UPDATE edge_table SET cost = cost + 0.001 * id * id, reverse_cost = reverse_cost + 0.001 * id * id;

and then all the 5 pgTAP tests are performed to do a simple set comparison of your result sets.

In the pgTAP tests mentioned above, three prepared statements are made with the rows ordered:

As expected (In increasing order of the edge id)
In decreasing order of the edge id
Randomly

Then, a single test is done to check whether (1) and (2) return the same set of rows, i.e., checking the result with the graph having ascending order of id and descending order of id. The last 4 tests check whether (1) and (3) return the same set of rows when the rows are ordered randomly.

These tests ensure that the OUTPUT will be the same regardless of any ordering of the INPUT (because the input rows are a set)

Why this isn't a problem?

This is because:

When the in/out edges of a vertex have different costs, then in general, it will not matter the ordering of the initial data. The resulting rows will be mostly the same irrespective of initial ordering.
The tests mainly fail when every edge has the same cost.

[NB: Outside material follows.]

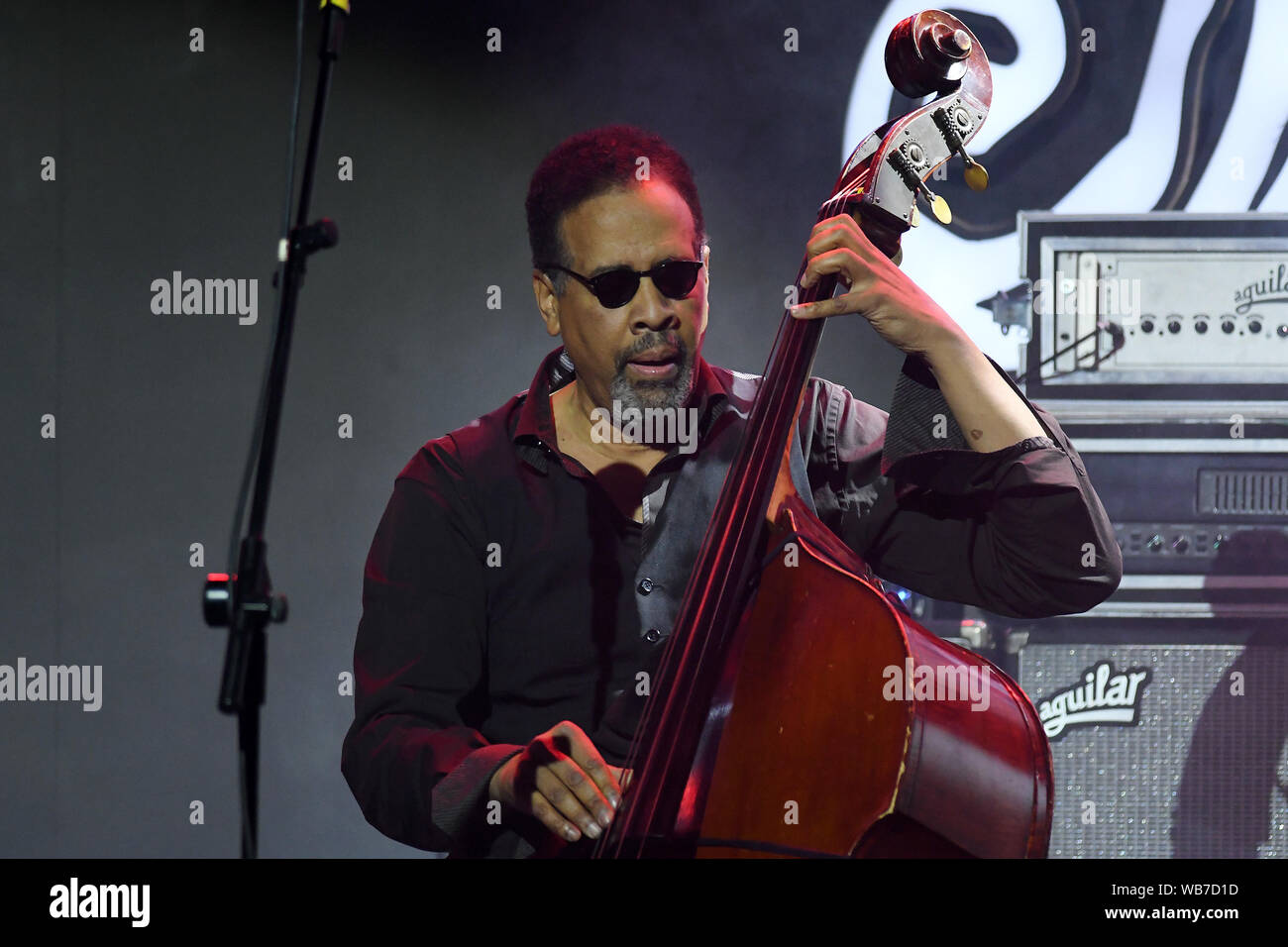 Rio de Janeiro, Brésil, le 7 juin 2019. Le bassiste Stanley Clarke pendant le concert de son groupe Stanley Clarke Band au Rio Montreux Jazz Festival à P Banque D'Images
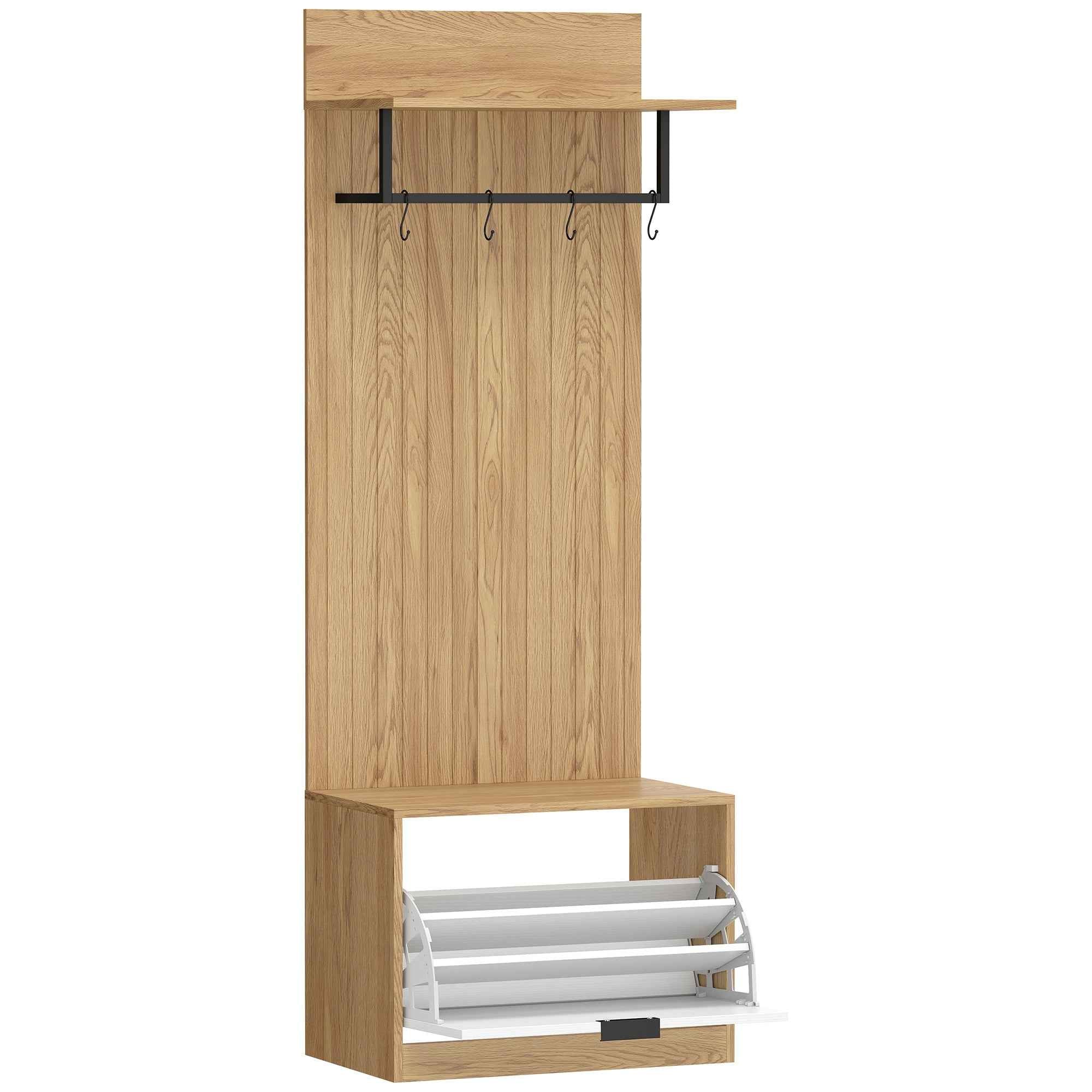 HOMCOM Hallway Furniture with Bench, Shoe Rack and Coat Rack with 4 Hooks, 60x30x170 cm, Oak and White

The sorting of the input rows has an issue that sorting takes time. It adds an extra n*log(n) term to the running time of the function. So, even though sorting isn't generally required, extra time will be taken by the algorithm to execute because of the sorting of the input rows.

As an example, if a user wants to route from his house to store and if there are 1 million rows for the whole country, the whole country will have to be loaded, and those million rows will get sorted before routing, which will add considerable time to the routing algorithm.

How a user can control which edge will be returned (when edges have the same costs)

The user can control this by ordering the rows in a particular way depending upon his requirement. The graph gets created in the sequential order of the rows. So, whichever row comes first, that edge will get added first in the graph. So, based on the algorithm, the user can determine the output and can order the edges_sql rows initially for a particular choice of an edge in the output.